/https%3A%2F%2Fcdn.pijper.io%2F2025%2F06%2FOXzvrr7WCNlVSO1749034525.png)
'Je mag me keihard voor de bus gooien. Hou je vooral niet in. Het is terecht. Maar ik ga het écht niet doen.' Dat was de reactie van collega Foeke Collet, nadat de redactie per e-mail was uitgenodigd voor Beat the Pro tijdens het KLM Open en ik hem had gevraagd of hij dit keer de honneurs wilde waarnemen. Zelf was ik tenslotte al eens geweest. Maar nee, mijn collega (handicap 11) durfde niet. 'Ik sta ze al maanden zó slecht te raken... Ik pieker er niet over om mezelf daar voor joker te zetten. Het is niet de vraag óf ik de bal shank, maar hoe hard.' Onvermurwbaar was hij. En of hij het een paar dagen later tijdens een wedstrijd op Golfclub Houtrak nou expres deed of zijn afslag op de par-3 14de ongewild zo hard de bosjes in sloeg, zullen we nooit weten. Wel dat hij zich vervolgens omdraaide en zei: 'Daarom dus niet.'
Comfortzone
Brenda Kroeze en Jan van der Meulen snappen de reactie van mijn collega wel. 'De meeste deelnemers vinden het in meer of mindere mate spannend’, zegt Van der Meulen, een van de twee spreekstalmeesters van dienst. Lachend: ‘En ik weet zeker dat er wel eens mensen de tee betreden terwijl ze denken: waarom doe ik dit?’ Samen met Kroeze ontvangt hij de spelers op de tee en kondigt ze aan. Van dichtbij ziet hij de spanning toenemen bij veel spelers. 'Het ís natuurlijk ook spannend. Ze zeggen wel eens dat je moet doen wat je altijd doet op de golfbaan, maar dat is hierbij eigenlijk per definitie onmogelijk. Vanaf het moment dat je door die poort stapt en richting de tee loopt, ben je je erg bewust van wat je gaat doen. En dat is niet iets wat je dagelijks doet. Dus je bent vrijwel zeker buiten je comfortzone.’

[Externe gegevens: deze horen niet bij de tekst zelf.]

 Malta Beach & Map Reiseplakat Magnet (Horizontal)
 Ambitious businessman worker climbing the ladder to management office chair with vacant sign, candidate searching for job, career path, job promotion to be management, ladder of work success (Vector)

Toch zien hij en Kroeze dat niet iedereen er hetzelfde mee omgaat. Kroeze: 'Wat me het meest opvalt, is dat kinderen er vaak veel lichter in staan. Die vinden het vooral cool dat ze mee mogen doen en zijn niet bezig met wat komen gaat. Natuurlijk willen ze winnen, maar ze gaan er over het algemeen heel open in, terwijl veel volwassenen bang zijn om zichzelf voor schut te zetten.'
De 13-jarige Britt van Leeuwen is daar inderdaad ook totaal niet mee bezig. 'Het is wel spannend, maar niet zo erg. Toen ik vorig jaar voor het eerst mee mocht doen, had ik handicap 36, nu speel ik onder de 10. Of ik de bal wel of niet raak? Natuurlijk raak ik die!', klinkt het vol zelfvertrouwen.
Nachtmerrie
Het doet me terugdenken aan mijn eigen debuut in het in 2016 geïntroduceerde onderdeel van het KLM Open. Omdat ik sceptisch stond tegenover het idee om amateurs in de wedstrijd mee te laten doen, daagde Martijn van der Meulen van TIG Sports me uit het zelf te ervaren. 'Als je het niets vindt, mag je dat schrijven. Maar als je ziet dat het werkt, zou ik het sportief vinden als je dat ook laat weten.' Het werd dat laatste. Omdat ik zag dat het geen invloed had op de wedstrijd. Omdat ik merkte dat de spelers het wel amusant vonden, een amateur die, bevangen door de zenuwen, ineens ervoer wat zij elke dag, elke slag, doormaken. Of, zoals Joost Luiten het zei: 'Hebben wij ook eens wat te lachen.'
Zenuwen waren er zeker toen mijn naam in 2016 omgeroepen werd en ik mijn bal op de tee probeerde te zetten. Probeerde, want nog altijd zie ik mijn van de zenuwen bibberende hand voor me. Ik sloeg geen airshot, maar vond ook de green niet. Mijn bal, geslagen onder toeziend oog van een handvol collega's en 'flightgenoot' Wil Besseling, landde op de fringe en rolde rechts richting de nog goeddeels lege tribune, waarna de referee zijn rode smiley de lucht in stak ten teken dat ik niet gewonnen had.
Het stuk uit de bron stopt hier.